Brisbane Festival plays squarely in this space and economic value, and this year it also plays deeply in the celebration of First Nations cultural and creative activity.

According to Brisbane Festival Indigenous Advisory Group Co-Chair Michelle Tuahine, we can enjoy ‘168 First Nations artisans, performers and creatives share their intensely personal narratives through ceremony, smoke, songline and performance’ in the 2021 Brisbane Festival program.

Karul Projects’ Weredingo is showing at Metro Arts as part of the 2021 Brisbane Festival. Photo credit: Simon Woods.

But what is the value of cultural and creative activity in the hands of peoples born of the world’s oldest living culture, some 65,000 to 80,000 years of civilisation?

My mind boggles with all the numbers. I wonder if I’m capable of a rational economic view when I usually feel the value of cultural and creative activity in goosebumps and a lighter sense of being.

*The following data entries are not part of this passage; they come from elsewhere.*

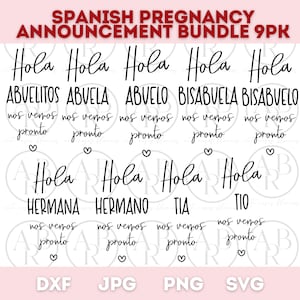 Faire-part de grossesse espagnol Bundle svg | Svg espagnol | Bundle svg espagnol pour Cricut | Nouveau bébé svg |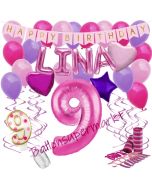 Personalisiertes Dekorations-Set mit Ballons zum 9. Geburtstag, Happy Birthday Pink, 38 Teile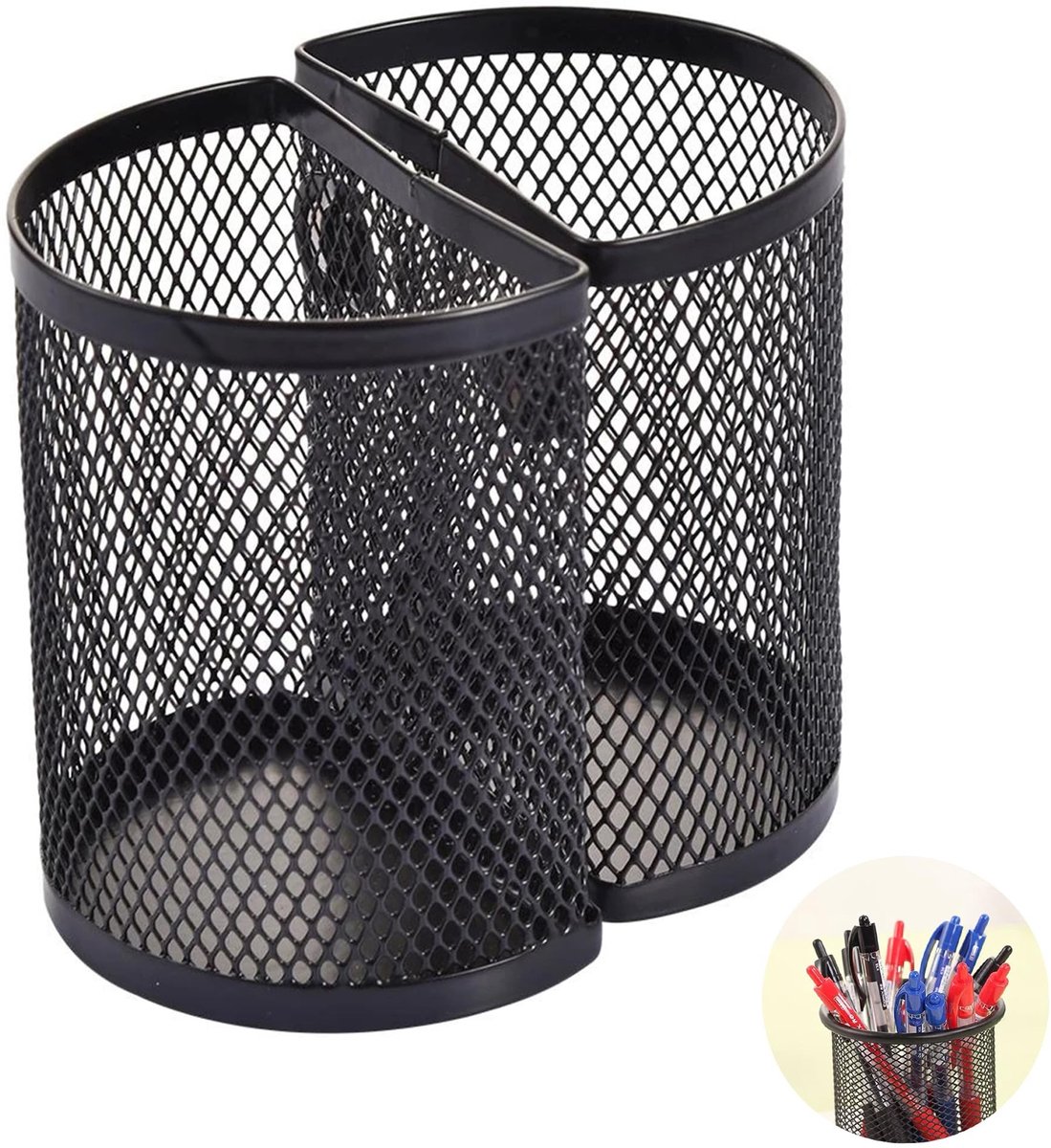 aladdien - Metalen potloodbeker - Magnetische pennenhouder - Multifunctioneel - Zwart - Organizer voor kantoorbenodigdheden - Geschikt voor kluisje ...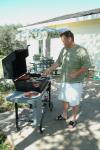 John Schureman BBQing at his home in Cameron Park 5-27-05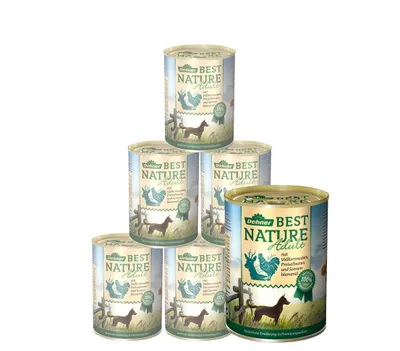 Produktbild von Dehner Best Nature Hundefutter, Nassfutter getreidefrei, für ausgewachsene Hunde, Wild / Huhn / Nudeln, 6 x 400 g Dose (2.4 kg)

Perhaps I’m not alone. Perhaps the challenge of valuing cultural and creative activity is why Australia’s largest federal policy platform to improve the lives of Indigenous peoples has only just included Culture in its Closing the Gap targets after more than a decade of whole-of-continent, multi-jurisdictional policy pursuit.

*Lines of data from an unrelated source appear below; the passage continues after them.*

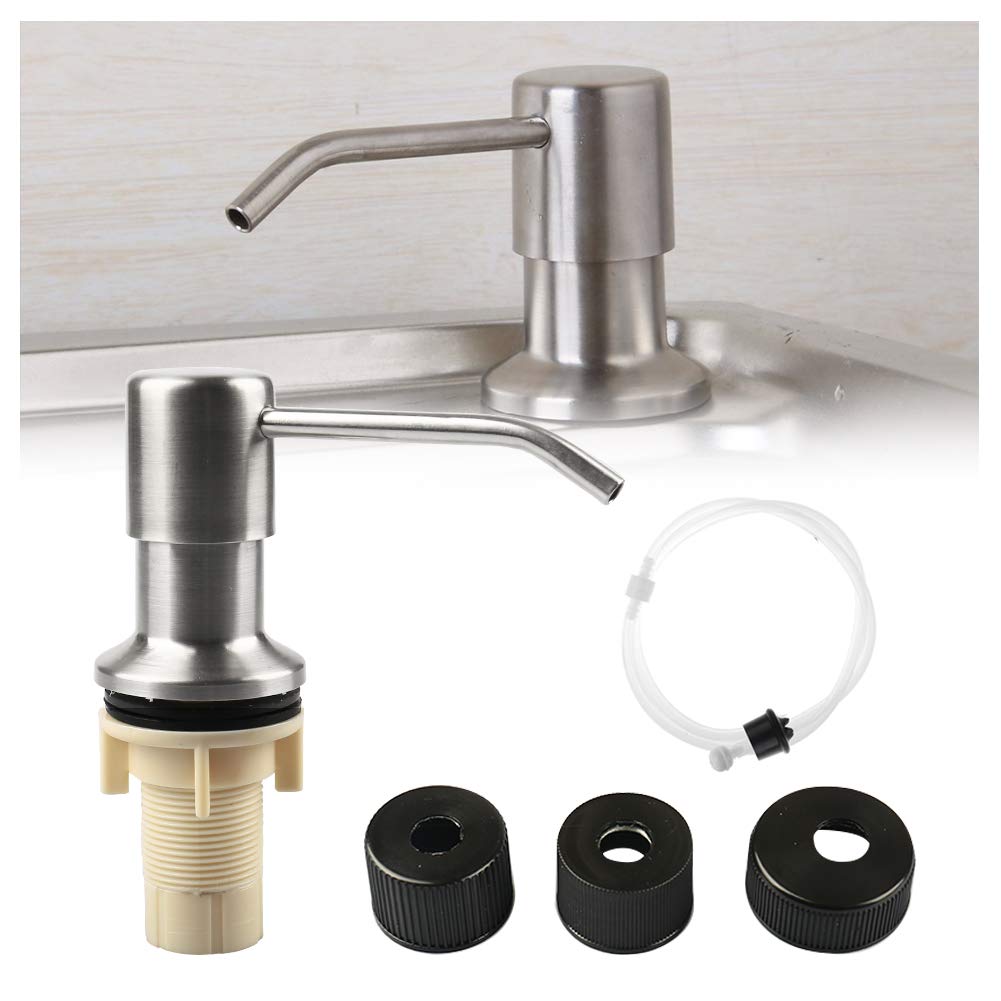 Dispensador de jabón para fregadero de cocina y tubo de extensión de acero inoxidable,con tubo de 120 cm,bomba dispensadora y 4 tapones universales para botellas, accesorios fregadero de cocina, plata
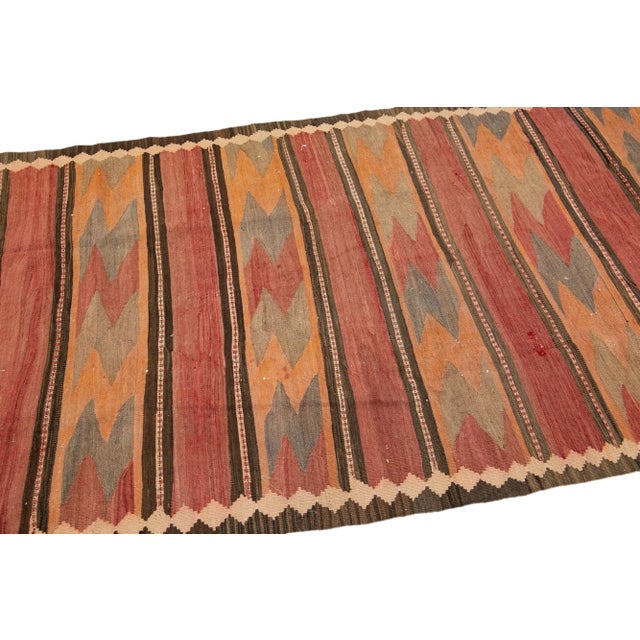 Orange 1960s Vintage Turkish Kilim Orange Handmade Tribal Wool Rug For Sale - Image 8 of 10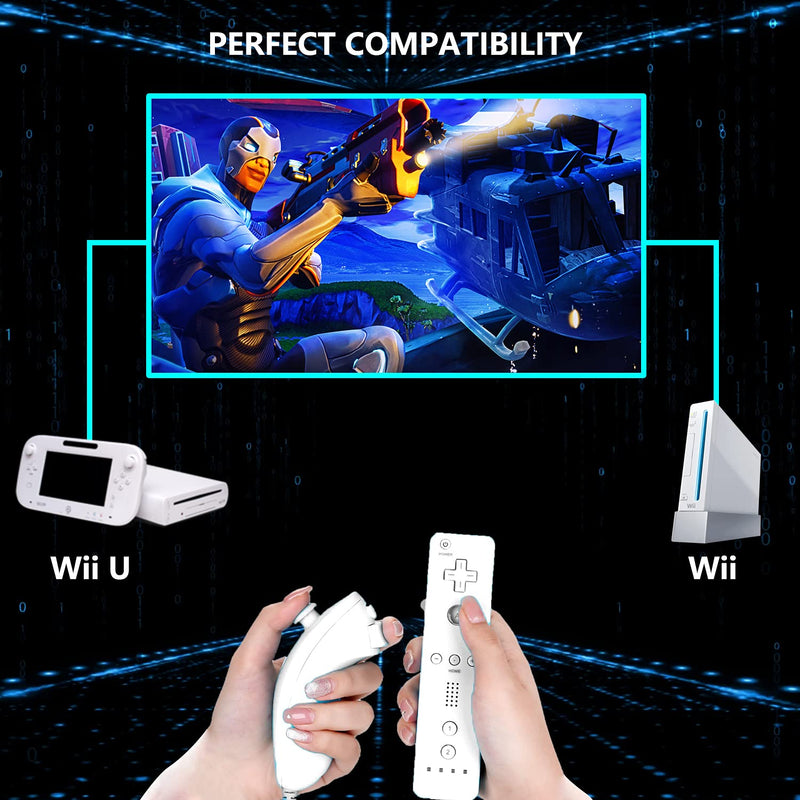 [Australia - AusPower] - Wii Remote and Nunchuck Controller, Wireless Controllers Compatible with Wii/Wii U with Silicone Case and Wrist Strap (White) White and White 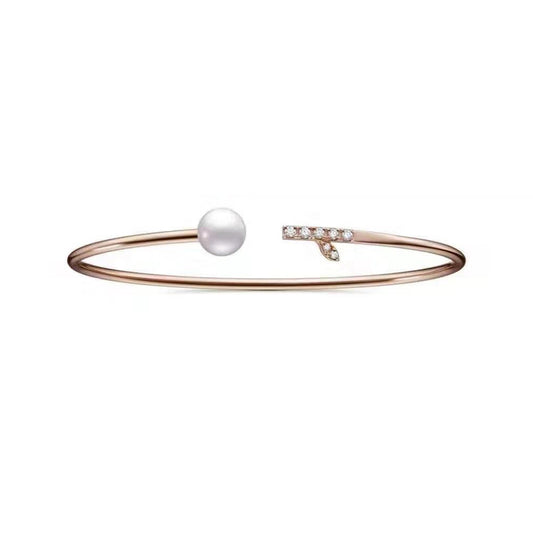 TSQ-BL-0702-18KSG leaf pearl open bracelet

And why does the refreshed Closing the Gap policy approach only include language as a key performance indicator of Culture when, by the government’s own definition, culture is that and so much more?

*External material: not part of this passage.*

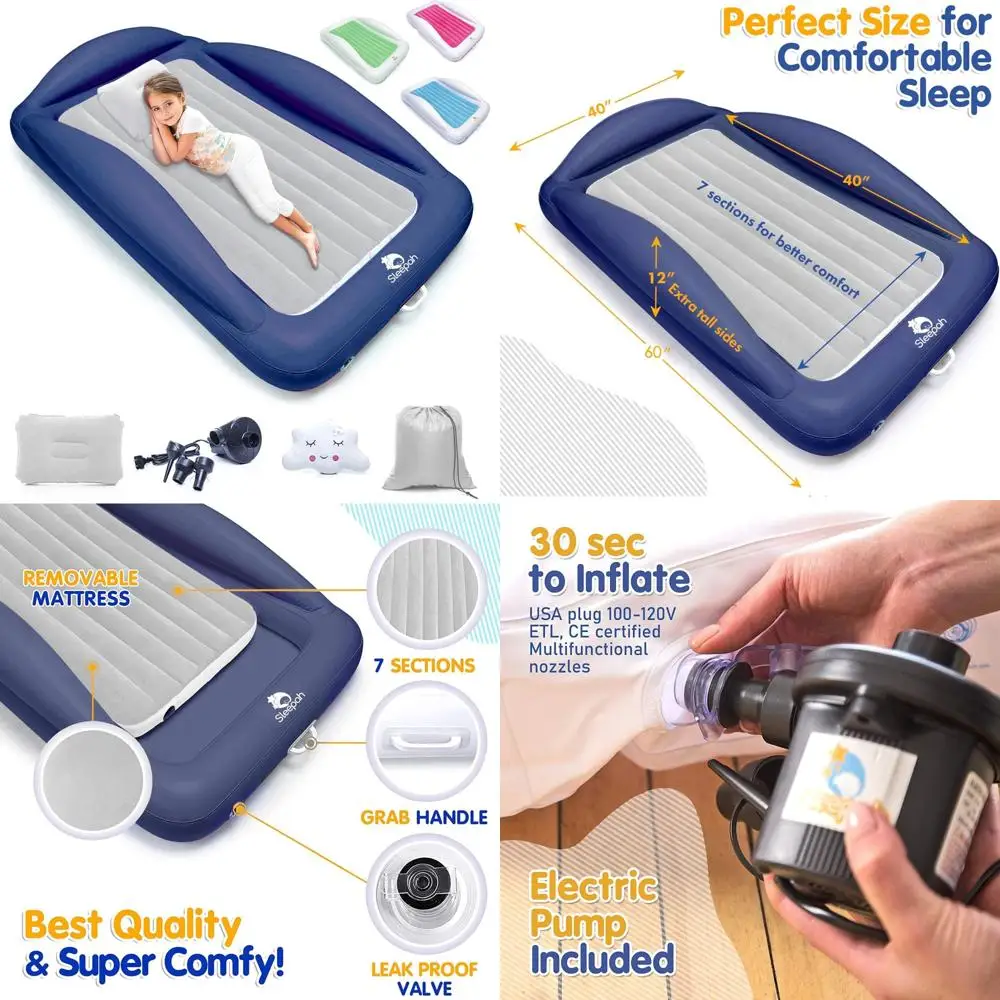 مجموعة مرتبة هوائية محمولة للأطفال الصغار قابلة للنفخ من Sleepah مع واقيات للسكك الحديدية الآمنة للأطفال والأطفال الصغار - تتضمن مضخة، C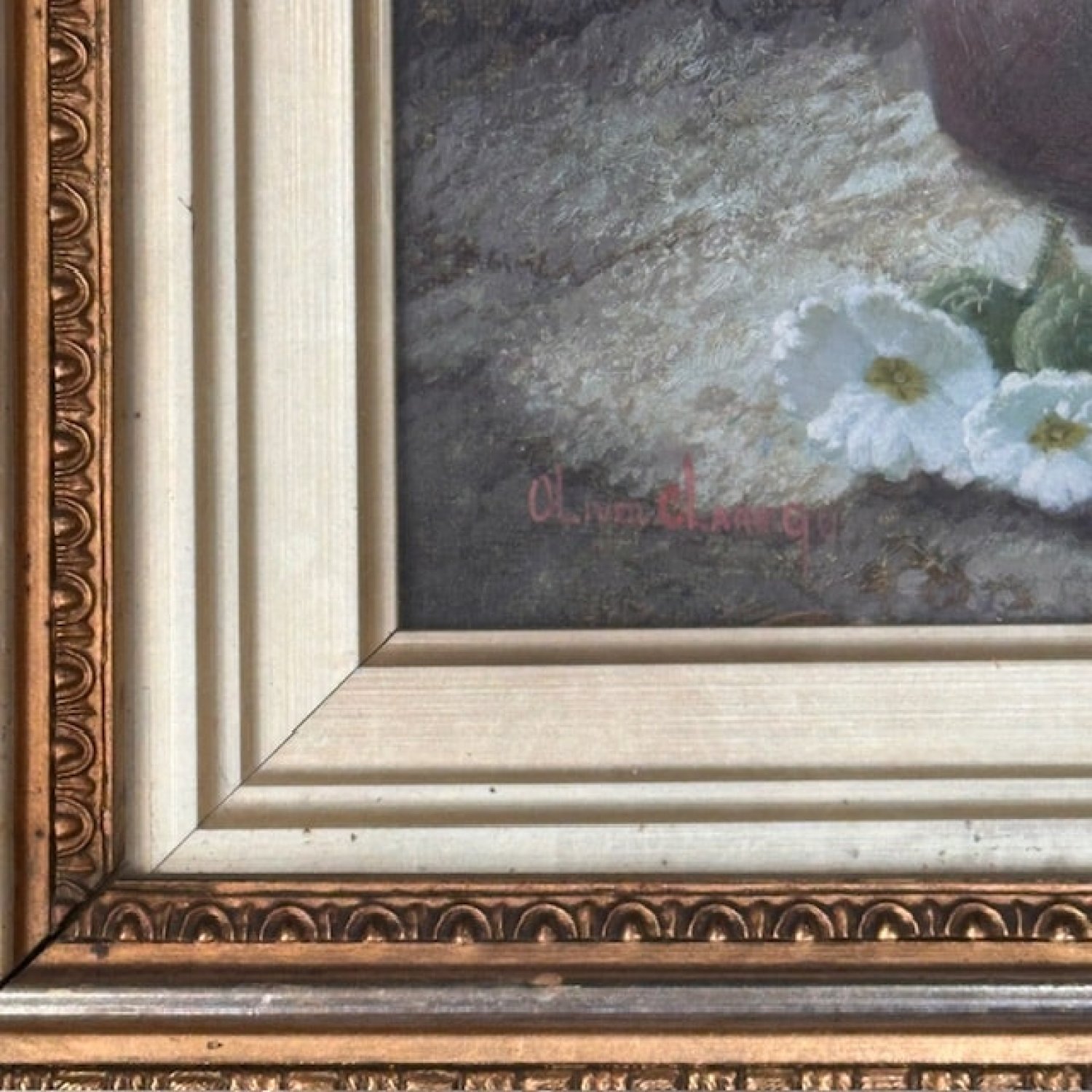 19th Century oil on board still life painting by Oliver Clare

Darambul, Juru and South Sea Islander scholar Dr Carmen Parter and her colleagues offer some answers, noting ‘if improvements are to be made to Closing the Gap policy, Indigenous culture must be integral to addressing health, education and employment targets’.

At the same time, Distinguished Professor Maggie Walter, a Palawa woman of the Pairrebenne people of North Eastern Tasmania, suggests less administrative data and more data that engage more than cursorily with our Indigenous Lifeworlds.

Walter defines Indigenous Lifeworlds how the Australian Bureau of Statistics might recognise cultural and creative activity, inclusive of traditional and ongoing Culture, belief and systems, practices, identity and ways of understanding the world and their place, as a people, within it.

The other half of Walter’s definition relates to the intersubjectivity arising from our dire experiences of colonisation.

The endless beauty of Indigenous Lifeworlds and First Nations cultural and creative activity is that we can carry the joy and the sorrow while connecting back, being in the moment and bringing strength for the future. 

Perhaps while we figure out how we’re going to truly value culture and creative activity, we should just get out and get us some while we can?

Brisbane Festival is on from 3 – 25 September at various locations around Brisbane. Sandra Phillips is chairing First Nations First, a conversation about First Nations Australians present and future.

Sandra Phillips is Associate Dean (Indigenous Engagement) in the UQ Faculty of Humanities and Social Sciences. A former publisher, Sandra trained with Magabala Books, UQP, and later managed Aboriginal Studies Press. Sandra is Wakka Wakka and Gooreng Gooreng.